Silva J M, Khan S, O'Brien P J
Faculty of Pharmacy, University of Toronto, Ontario, Canada.
Biochem Pharmacol. 1993 Jun 9;45(11):2303-9. doi: 10.1016/0006-2952(93)90203-9.
The molecular cytotoxic mechanisms of mitomycin C (MMC) and its analogs, BMY 25282 and BMY 25067, have been investigated using isolated hepatocytes as a model system for studying toxicity to nondividing tissues. These drugs have quinone and aziridine moieties, and tumor cell cytotoxicity has been attributed to DNA alkylation and cross-linking. By contrast, the following results suggest that these drugs cause oxidative stress in nondividing cells by different mechanisms. Both hepatocytes or hepatic microsomes and NADPH were able to catalyse oxygen activation by all three drugs, suggesting that enzymatic reduction results in the formation of auto-oxidizable species. Their relative effectiveness at activating oxygen was BMY 25282 >> BMY 25067 > MMC. However, their relative cytotoxic effectiveness was BMY 25067 >> BMY 25282 > MMC, and it was increased markedly if hepatocyte glutathione-reductase or catalase was inactivated. Furthermore, ascorbate increased the toxic potencies of both BMY 25282 and MMC in catalase-inactivated hepatocytes by as much as 60- and 40-fold, respectively. Hepatocyte glutathione (GSH) oxidation was also increased. The relative resistance of normal hepatocytes to MMC and BMY 25282 can be attributed therefore, to the high levels of enzymes in hepatocytes involved in hydrogen peroxide detoxification. BMY 25067 cytotoxicity unlike that of BMY 25282 or MMC was prevented by the addition of the thiol reductant dithiothreitol. BMY 25067 also differed in being much more toxic towards GSH-depleted hepatocytes. Furthermore, BMY 25067, unlike MMC and BMY 25282, caused a rapid decrease in hepatocyte ATP levels and inhibited mitochondrial respiration. This could be prevented by the addition of the thiol reductant dithiothreitol, which restored intracellular GSH levels. Its toxic potency to catalase- or glutathione reductase-inactivated hepatocytes also was not increased by ascorbate. Therefore, the cytotoxicity of BMY 25067 can probably be attributed to oxidative stress by the aminodisulfide moiety which causes GSH and mixed disulfide formation, resulting in mitochondrial toxicity.
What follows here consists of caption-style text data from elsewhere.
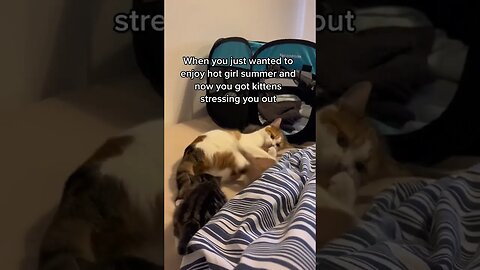 She had enough of them#fyp #cats #kittens #catsoftiktok #viral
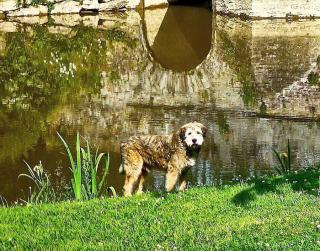 baignade chien cyanobacterie danger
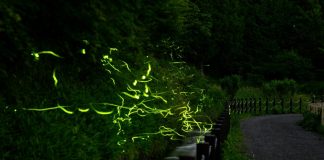 With festival cancelled by virus, Japan fireflies dance alone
已使用分离的肝细胞作为研究对非分裂组织毒性的模型系统,研究了丝裂霉素C(MMC)及其类似物BMY 25282和BMY 25067的分子细胞毒性机制。这些药物具有醌和氮丙啶部分,肿瘤细胞的细胞毒性归因于DNA烷基化和交联。相比之下,以下结果表明这些药物通过不同机制在非分裂细胞中引起氧化应激。肝细胞、肝微粒体和NADPH都能够催化这三种药物的氧活化,这表明酶促还原导致形成可自动氧化的物质。它们在活化氧方面的相对效力为BMY 25282 >> BMY 25067 > MMC。然而,它们的相对细胞毒性效力为BMY 25067 >> BMY 25282 > MMC,如果肝细胞谷胱甘肽还原酶或过氧化氢酶失活,其毒性会显著增加。此外,抗坏血酸分别使BMY 25282和MMC在过氧化氢酶失活的肝细胞中的毒性效力提高了60倍和40倍。肝细胞谷胱甘肽(GSH)氧化也增加。因此,正常肝细胞对MMC和BMY 25282的相对抗性可归因于肝细胞中参与过氧化氢解毒的酶水平较高。与BMY 25282或MMC不同,BMY 25067的细胞毒性可通过添加硫醇还原剂二硫苏糖醇来预防。BMY 25067对GSH耗竭的肝细胞毒性也更大。此外,与MMC和BMY 25282不同,BMY 25067导致肝细胞ATP水平迅速下降并抑制线粒体呼吸。添加硫醇还原剂二硫苏糖醇可预防这种情况,二硫苏糖醇可恢复细胞内GSH水平。抗坏血酸也不会增加其对过氧化氢酶或谷胱甘肽还原酶失活的肝细胞的毒性效力。因此,BMY 25067的细胞毒性可能归因于氨基二硫键部分引起的氧化应激,该应激导致GSH和混合二硫键形成,从而导致线粒体毒性。